April 30th, 2008 at 12:49 am
Hi Frank! Interesting article and has me greatly interested in Robert Clarke. I’m following the same path as he did and facing the very same issue - what we see as intuitives just isn’t visible or real to the vast majority who are extraverted sensing or thinking types - the “reality” types. I’m just entering the world of motivational speaking and here the whole issue comes to a head. People are craving inspirational speakers and they are inspired afterwards .. for a week at most. The trouble is that the speakers call for a transformation but they do so in entirely rationalistic terms, being realists. But the transformation has to come from deep in the unconscious psyche to be lasting, this is the source of transformation and … most people don’t even know that it exists. They are separated from their own inner spirituality. Religion no longer connects them to this, and the religious myths no longer have transformative power. The challenge is huge - to reawaken the spirit of the people of today, to take the process of transformation and make it real to the modern mind. It can be done but from a place of humility and by speaking in the language and logic of today but “transforming” it - fertilizing it with the power of the unconscious. Best Wishes!
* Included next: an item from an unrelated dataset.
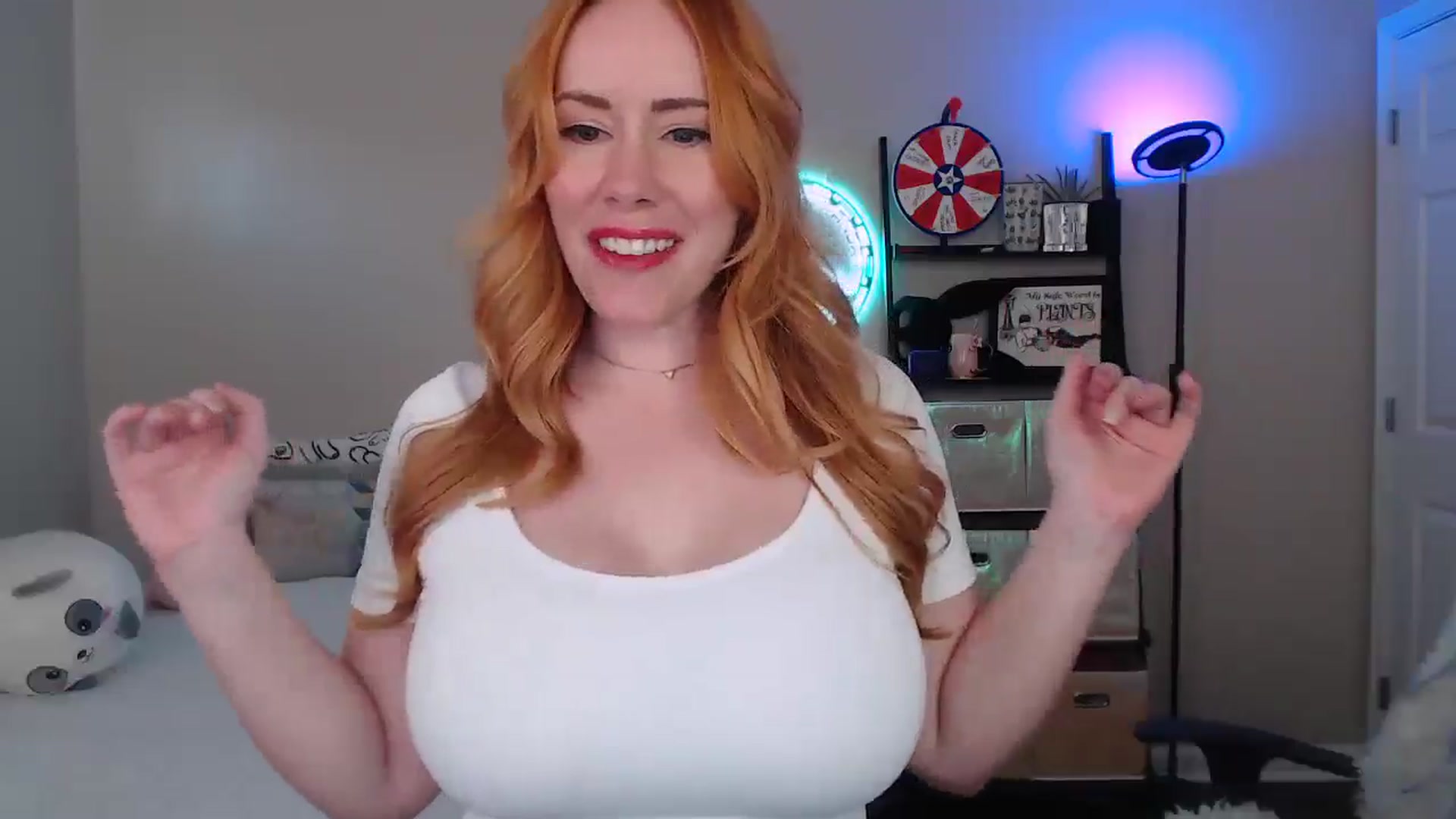 Gallery image thumbnail from MsRedheadMILF's myfreecams stream on, 07/04/2025, 24:28 image 15 of 20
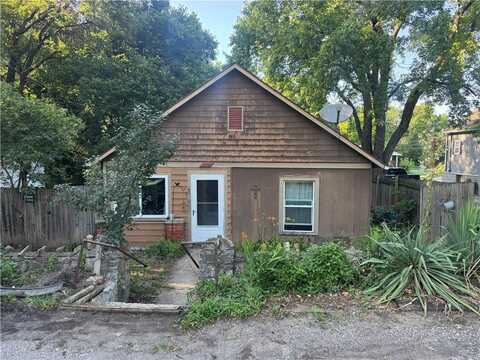1116 Quincy Street, Leavenworth, KS 66048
April 30th, 2008 at 11:35 am
I agree with you entirely. My personal blog (frankdemarco.wordpress.com) is entitled “I of my own knowledge…” because in our day we have been let down by the materialist culture, and the religious terms we grew up with no longer speak to us. So what do we do? We can only find our own meaning through personal experience–not from dogma whether religious or non-religious or anti-religious. But the odd thing (perhaps not so odd when you think of it) is that religious dogma contains a valid description of reality: It just needs to be translated into terms that we can hear today. In a modest way that’s what I’m trying to do.